By Doug Larsen
First, let’s discuss blinds. There are many types, but what works best is a blind that will blend in with the surroundings of where you are seeing ducks. If the ducks are in a cornfield, build a blind and cover it with cornstalks, in a marsh, use cattails or tules or cut phragmites. When you cut your blind covering, always cut it well away from your blind site. Don’t denude the spot next to your blind in order to cover it-that will look as unnatural as no blind at all. When covering the blind, there is no such thing as too much camouflage. A good friend of ours says that the blind is concealed properly when you have to “shoot your way out.”
As far as placement goes, set your blind where the ducks will be, and if you have a choice get the sun and prevailing wind at your back, or try to get on a peninsula or island where you could have water on three or four sides. In a field, pay attention to the area the birds are using first, then wind, then sun. Set your blind up, and keep the surrounding area clean and untrampled. There weren’t empty soda cans or bits of treated wood or empty shotgun shells there last month, and there should be any there now. Not only is that just a good hunting policy, but it is also good for the world as well.

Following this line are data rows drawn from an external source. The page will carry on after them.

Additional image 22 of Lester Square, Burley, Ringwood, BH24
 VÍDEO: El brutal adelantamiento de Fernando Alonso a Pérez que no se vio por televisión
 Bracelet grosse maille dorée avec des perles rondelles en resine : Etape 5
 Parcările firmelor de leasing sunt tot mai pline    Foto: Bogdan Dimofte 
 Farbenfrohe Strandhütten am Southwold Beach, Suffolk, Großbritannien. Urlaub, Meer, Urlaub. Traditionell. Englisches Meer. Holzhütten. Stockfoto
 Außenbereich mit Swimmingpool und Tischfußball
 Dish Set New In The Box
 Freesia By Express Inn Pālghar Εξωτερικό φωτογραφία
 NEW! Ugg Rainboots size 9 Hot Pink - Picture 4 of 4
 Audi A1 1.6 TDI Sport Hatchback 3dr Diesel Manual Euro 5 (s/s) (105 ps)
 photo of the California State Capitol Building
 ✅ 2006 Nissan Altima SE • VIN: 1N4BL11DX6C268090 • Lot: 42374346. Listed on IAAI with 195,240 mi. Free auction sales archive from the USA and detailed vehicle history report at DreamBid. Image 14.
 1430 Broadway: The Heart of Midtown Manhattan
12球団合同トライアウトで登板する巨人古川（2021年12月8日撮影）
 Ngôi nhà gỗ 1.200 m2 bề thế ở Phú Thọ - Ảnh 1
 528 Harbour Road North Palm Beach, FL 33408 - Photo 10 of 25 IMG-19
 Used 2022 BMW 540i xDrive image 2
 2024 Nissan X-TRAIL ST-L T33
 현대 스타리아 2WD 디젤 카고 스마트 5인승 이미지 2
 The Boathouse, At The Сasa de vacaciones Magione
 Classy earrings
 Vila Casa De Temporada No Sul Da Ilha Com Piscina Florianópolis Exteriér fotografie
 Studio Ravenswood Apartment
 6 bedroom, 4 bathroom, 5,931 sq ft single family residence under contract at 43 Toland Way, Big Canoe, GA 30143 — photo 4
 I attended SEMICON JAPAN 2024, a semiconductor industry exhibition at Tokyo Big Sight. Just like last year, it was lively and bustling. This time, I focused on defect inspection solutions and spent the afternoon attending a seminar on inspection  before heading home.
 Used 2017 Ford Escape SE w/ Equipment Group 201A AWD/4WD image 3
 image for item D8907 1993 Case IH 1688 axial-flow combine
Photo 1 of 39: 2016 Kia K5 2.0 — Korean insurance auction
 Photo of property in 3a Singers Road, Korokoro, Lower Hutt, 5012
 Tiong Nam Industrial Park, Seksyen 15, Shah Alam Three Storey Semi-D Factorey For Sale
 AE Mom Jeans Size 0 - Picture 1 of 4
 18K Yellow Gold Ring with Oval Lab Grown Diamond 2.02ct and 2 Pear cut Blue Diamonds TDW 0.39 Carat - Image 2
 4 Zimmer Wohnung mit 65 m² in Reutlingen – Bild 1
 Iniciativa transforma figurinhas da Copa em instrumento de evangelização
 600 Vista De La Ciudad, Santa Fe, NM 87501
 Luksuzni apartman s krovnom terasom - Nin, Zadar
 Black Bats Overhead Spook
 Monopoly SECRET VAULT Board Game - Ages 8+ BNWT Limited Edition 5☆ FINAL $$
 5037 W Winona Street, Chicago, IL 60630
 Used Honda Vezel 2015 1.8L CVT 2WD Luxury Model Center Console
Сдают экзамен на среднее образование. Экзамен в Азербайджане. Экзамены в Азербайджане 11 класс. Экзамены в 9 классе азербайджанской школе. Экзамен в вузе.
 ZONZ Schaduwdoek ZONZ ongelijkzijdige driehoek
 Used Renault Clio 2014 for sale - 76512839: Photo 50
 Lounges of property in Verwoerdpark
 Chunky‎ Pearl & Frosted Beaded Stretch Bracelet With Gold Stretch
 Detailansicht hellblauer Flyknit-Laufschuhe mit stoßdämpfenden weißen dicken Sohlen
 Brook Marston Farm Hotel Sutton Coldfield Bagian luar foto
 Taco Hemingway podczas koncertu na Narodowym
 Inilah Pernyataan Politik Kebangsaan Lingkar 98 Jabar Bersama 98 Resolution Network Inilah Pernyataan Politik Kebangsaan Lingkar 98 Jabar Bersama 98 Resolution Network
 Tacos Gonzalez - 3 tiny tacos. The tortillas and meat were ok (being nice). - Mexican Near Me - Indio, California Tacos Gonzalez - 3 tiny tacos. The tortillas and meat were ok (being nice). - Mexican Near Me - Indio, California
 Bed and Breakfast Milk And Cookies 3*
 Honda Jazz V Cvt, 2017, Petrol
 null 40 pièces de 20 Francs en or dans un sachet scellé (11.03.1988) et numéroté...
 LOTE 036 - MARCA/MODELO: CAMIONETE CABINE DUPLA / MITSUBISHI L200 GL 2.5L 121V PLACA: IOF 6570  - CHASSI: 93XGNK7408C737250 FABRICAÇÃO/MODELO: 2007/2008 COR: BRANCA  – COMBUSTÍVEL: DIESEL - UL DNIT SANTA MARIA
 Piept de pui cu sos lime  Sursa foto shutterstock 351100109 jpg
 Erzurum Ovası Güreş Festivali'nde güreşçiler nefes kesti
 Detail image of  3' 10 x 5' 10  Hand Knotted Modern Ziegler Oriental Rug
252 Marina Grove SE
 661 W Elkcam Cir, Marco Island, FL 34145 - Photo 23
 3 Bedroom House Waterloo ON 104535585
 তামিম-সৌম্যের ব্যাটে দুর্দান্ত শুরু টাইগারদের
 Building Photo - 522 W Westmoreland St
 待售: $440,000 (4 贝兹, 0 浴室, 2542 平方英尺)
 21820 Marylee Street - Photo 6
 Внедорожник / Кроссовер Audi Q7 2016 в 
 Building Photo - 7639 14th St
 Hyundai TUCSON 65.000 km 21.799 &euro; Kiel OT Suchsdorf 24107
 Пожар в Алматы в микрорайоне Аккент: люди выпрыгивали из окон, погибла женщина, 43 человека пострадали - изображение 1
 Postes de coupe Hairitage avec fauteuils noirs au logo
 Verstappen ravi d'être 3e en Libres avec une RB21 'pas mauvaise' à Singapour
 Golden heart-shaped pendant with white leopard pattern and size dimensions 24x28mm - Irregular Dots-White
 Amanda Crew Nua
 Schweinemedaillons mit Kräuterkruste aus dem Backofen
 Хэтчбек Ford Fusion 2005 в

Entire books have been written about how to place decoys and just last season we hunted over decoys spreads that were as small as three decoys, to spreads of over 1200 ducks and geese. It is all about what it takes to attract and finish the birds.
Many “old-timers” will tell you to put decoys out in various shapes- mostly these are things like letters- for example, the “J” hook is a famous decoy pattern, with a long line running to the blind, and a shorter loop crossing the front of the blind- this is a great decoy spread, as long as you don’t deploy it in too formal a fashion. If a pilot, flying over the decoys would look at it and say “that’s the letter J,” well then you have failed.
Ducks don’t sit on the water in letters, they spread out naturally, in loose groups and twos and threes. Thus if you create a lazy letter “J” or a “W” constructed of loose groups of decoys, with the tips of the letters, or the farthest decoys no more than about 40-45 yards from your blind, you should be in good shape. The openings in the letters is where you’d like the ducks to land- and always try to get the wind and sun at your back, or off your side if at all possible. You’ll notice we mentioned sun and wind twice now- it is that important, truly. Ducks will always land into the wind, so you want to exploit that trait as much as possible.
Hopefully, these tips will help you get some ducks “feet down” over your decoys this season. Be safe, and have fun out there!